Records to use:
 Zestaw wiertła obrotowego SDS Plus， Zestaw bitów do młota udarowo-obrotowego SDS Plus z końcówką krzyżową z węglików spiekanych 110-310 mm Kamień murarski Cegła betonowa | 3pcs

...

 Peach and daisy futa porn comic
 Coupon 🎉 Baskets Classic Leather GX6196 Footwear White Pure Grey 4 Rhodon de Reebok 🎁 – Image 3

Work item: In the listing above, the lines from the one containing "Peach and daisy futa porn comic" through the one containing "Coupon 🎉 Baskets" must be set down exactly, with no other lines.

Response area:
 Peach and daisy futa porn comic
 Coupon 🎉 Baskets Classic Leather GX6196 Footwear White Pure Grey 4 Rhodon de Reebok 🎁 – Image 3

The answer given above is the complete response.